The Member for Terra Nova says that Central Dairies and Brookfield are owned by mainland companies. We all know that. That is no secret, but who is producing the milk for them? Who is producing the milk for Central Dairies and Brookfield?

AN HON. MEMBER: (inaudible)

MR. WOODFORD: That is right. Only when the Newfoundland producers cannot produce it, and the same thing is applicable in reverse. I can understand why the hon. member is upset.

MR. TOBIN: Tell us.

MR. WOODFORD: I stand in my place today and say to the hon. member, I do not know what the Leader of the Opposition said during the campaign in Lewisporte and I do not care. I do not know what the member who ran there for the PC party in this election said and I do not care. I will stand up for the principle of the thing, Mr. Speaker. Now, the member opposite might say that 500,000 litres of reconstituted milk is nothing, it is only trivial, it is only a small percent. It is a small percentage but what I am talking about is the principle of the thing, and that is what you are going to see. Only for that particular district today, is represented by the Member for Lewisporte, a good member, I have nothing to say about the member, nothing whatsoever, that particular section of that plant, the reconstituted part, would be gone, and I venture to bet that the AP&B who were suppose to be representing all agricultural sectors in the Province today, except for the commodity groups, and really after that represent the consumers in the Province, is about to make a decision. It is very interesting what the AP&B are going to say to the minister.
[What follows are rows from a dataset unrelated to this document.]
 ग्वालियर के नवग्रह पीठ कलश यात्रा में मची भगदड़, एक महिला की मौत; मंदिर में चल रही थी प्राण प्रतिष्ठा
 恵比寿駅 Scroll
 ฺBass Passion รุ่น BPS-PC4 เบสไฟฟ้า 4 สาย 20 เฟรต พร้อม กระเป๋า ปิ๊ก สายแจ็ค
AN HON. MEMBER: (Inaudible)

MR. WOODFORD: I asked you the other night and you did not tell me.

AN HON. MEMBER: I know now.

MR. W. MATTHEWS: (inaudible) right now because you will forget it.

MR. WOODFORD: Well, I did not hear what they said today. I am only going on what the minister said the other night, but I have to make reference to that because the member brought it up, about the reconstituted in Lewisporte, and that is why I made reference to it. You know where I stand, there are no backdoors. I tell you out-front and I told your people yesterday when I met them. There is a lot more to it than meets the eye.
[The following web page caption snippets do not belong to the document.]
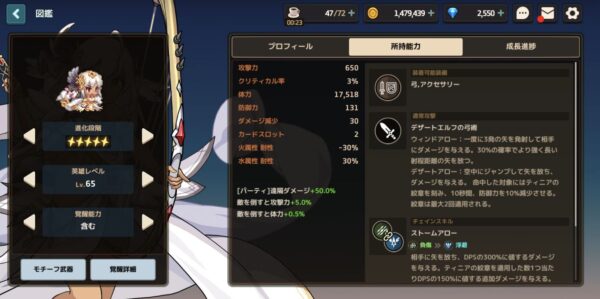 ガーディアンテイルズ(ガデテル)のリセマラについて!最強キャラランキングとtier解説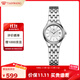 天王（TIAN WANG）手表女 生日禮物鋼帶石英真鉆女表白色LS3611S.D.S.W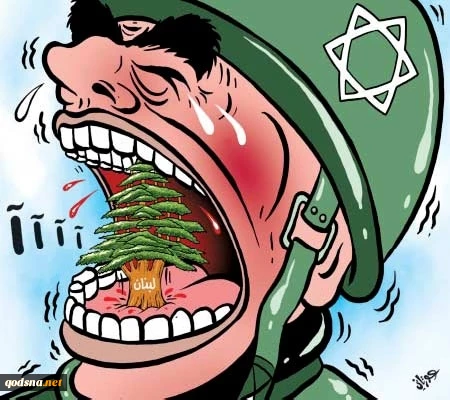 کیف ینوی الصهاینة إبتلاع لبنان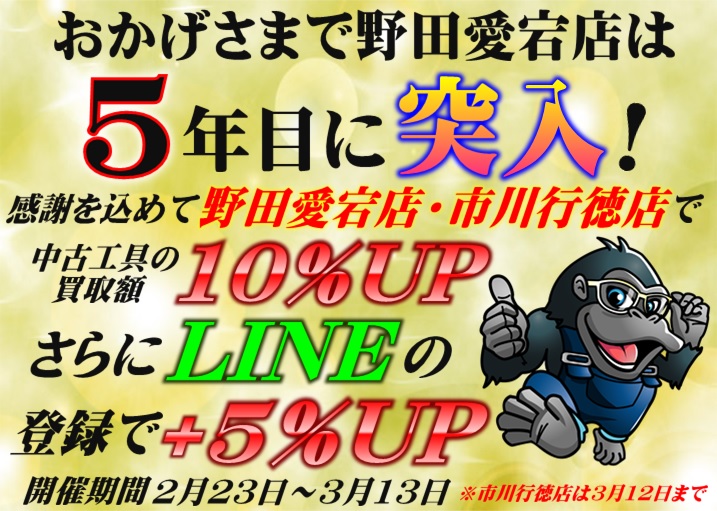 画像に alt 属性が指定されていません。ファイル名: 4%E5%91%A8%E5%B9%B4POP-1.jpeg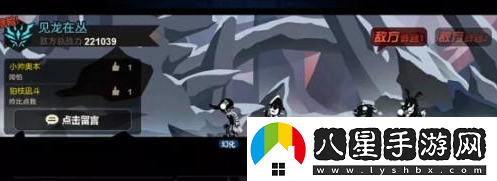 超進化物語見龍在叢攻略一覽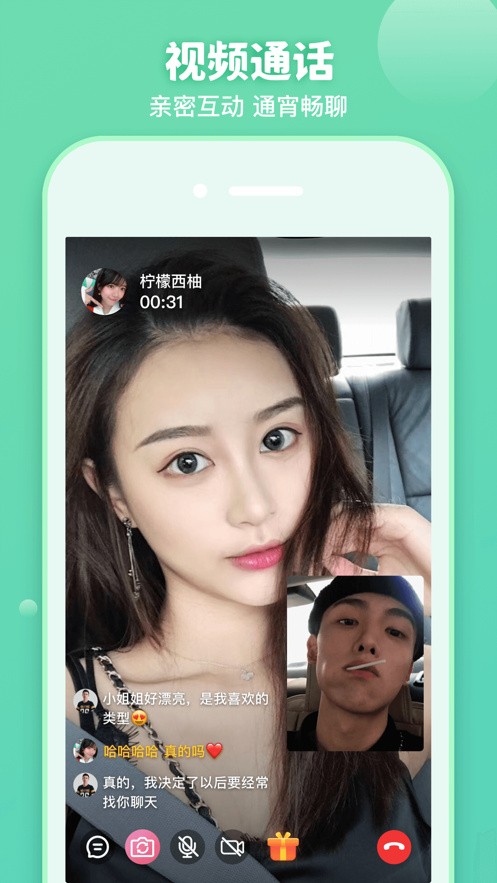 暖暖社区免费观看高清完整版下载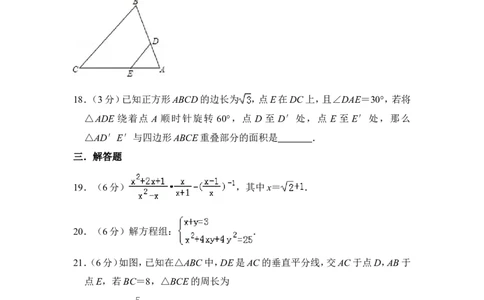 2013年上海市金山区中考数学二模试卷_0122026上海中考一模二模真题试卷_2025-2012年_2.上海中考数学一模二模（12-24）_二模_2013年上海市中考数学二模试卷（16份）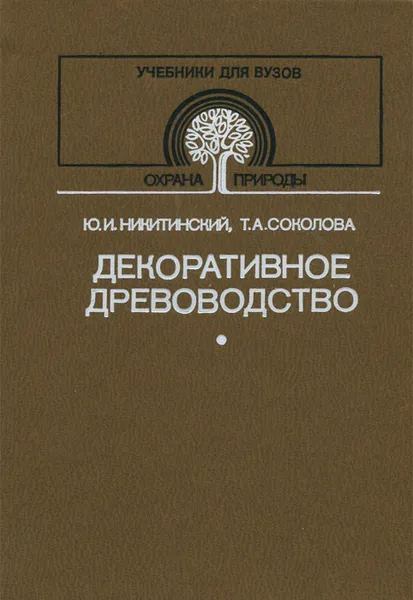 Обложка книги Декоративное древоводство, Никитинский Юрий Иванович, Соколова Татьяна Александровна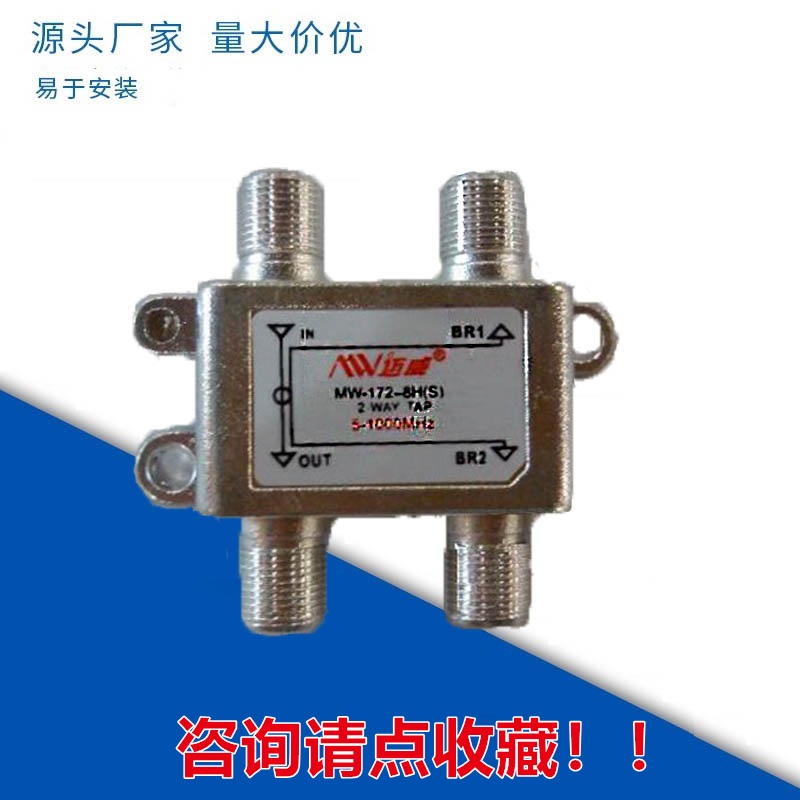迈威MW-172H有线电视主线2分支器一分二分支器闭路电视分信号1分2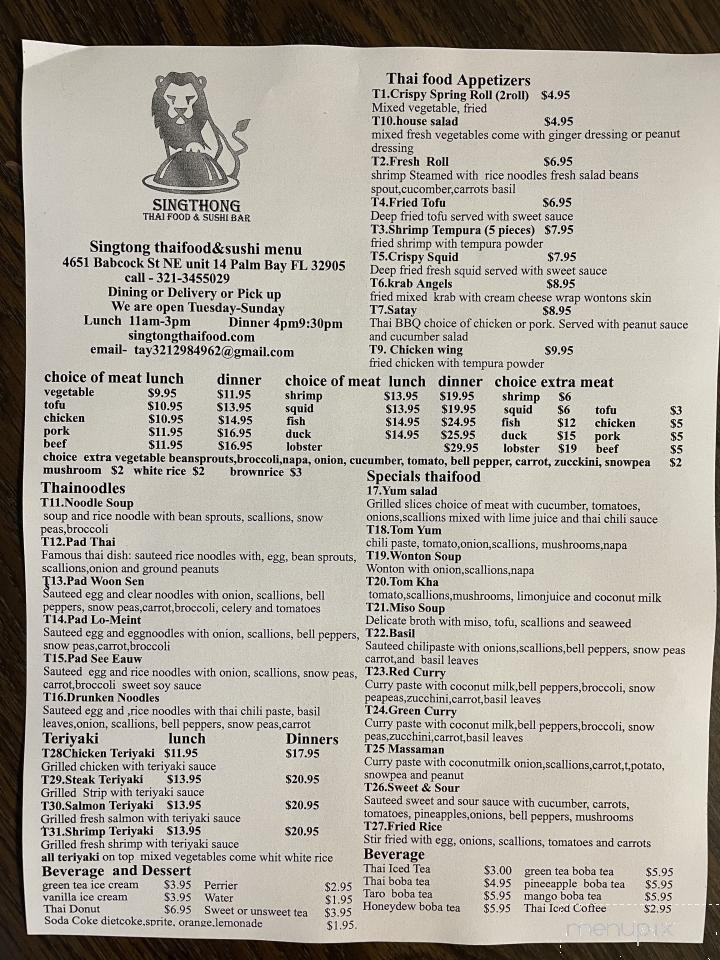 Singtong Thai Food & Sushi Bar - Palm Bay, FL menu_pic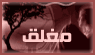 منتدى مُقفل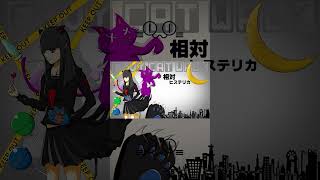 エンヴィキャットウォーク -cover-【ニャンヤオチュー】 #shorts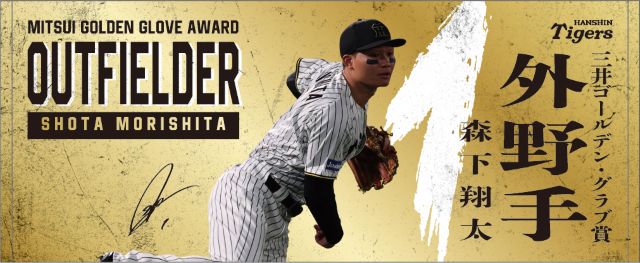 ニュース - グッズ - 第54回三井ゴールデン・グラブ賞受賞記念グッズの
AN HON. MEMBER: (Inaudible) with Sprung in 1988.

MR. WOODFORD: I had nothing to do with Sprung in 1988. When I had the opportunity to do something about Sprung I did it. Mr. Speaker, to keep on talking about the agriculture estimates there were different references made to different commodity groups, different headings under agriculture. There are a lot of commodity groups. There is a lot to agriculture because of the breakdown of the different commodity groups and the groups that are not represented by marketing boards. There was a lot of discussion about forestry. Ten minutes is not much to speak at any given time so as soon as you get wound up on a particular subject there is no trouble -

MR. SPEAKER: The hon. member's time has in fact expired.
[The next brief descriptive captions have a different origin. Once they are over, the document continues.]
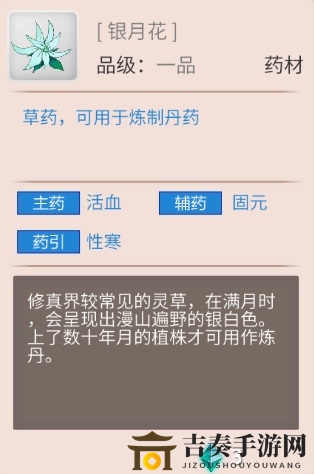 探寻长生药宝典：药材搜集与药效剖析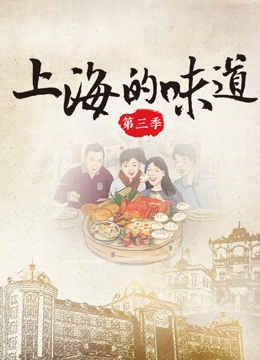 上海的味道 第三季封面图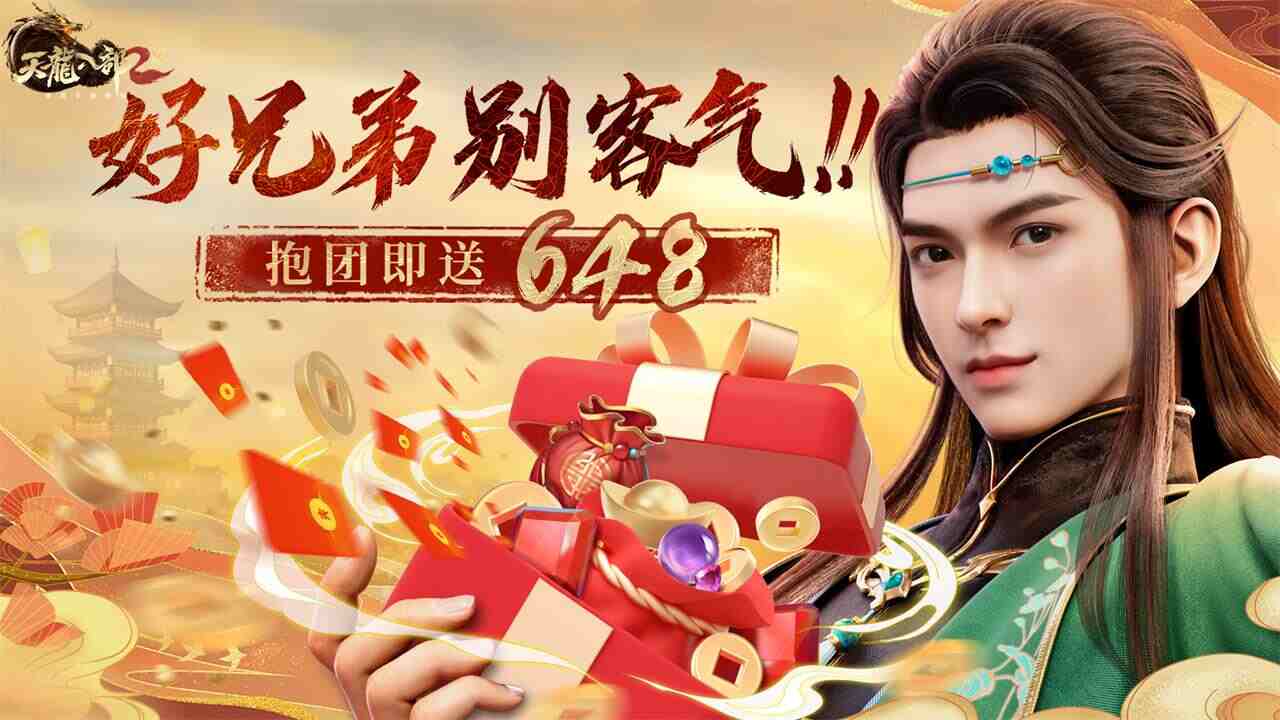 天龍2龍騰測試定檔2.23 兄弟同行 共享648大禮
The hon. the Member for Lewisporte.

MR. PENNEY: Thank you, Mr. Speaker.

I will only take a few minutes but I would like to address some of the comments made by the hon. Member for Humber Valley. He said, I do not know what the Leader of the Opposition said when he was in Lewisporte during the campaign, and I do not care. But I would like to remind the hon. gentleman that the management of the Notre Dame dairies plant know what they said. The employees of Notre Dame dairies know very well what those two gentlemen said. The voters in the Lewisport district know very well what they said. They also know what the member said quite clearly, every opportunity that he had, that in his opinion no marketing board, no arm of government, had a right to interfere with free enterprise. This is a free enterprise system that brought Newfoundland to where it is today, and there is no arm of government, whether it be a marketing board or whether it be a department of government, that has a right to interfere with that.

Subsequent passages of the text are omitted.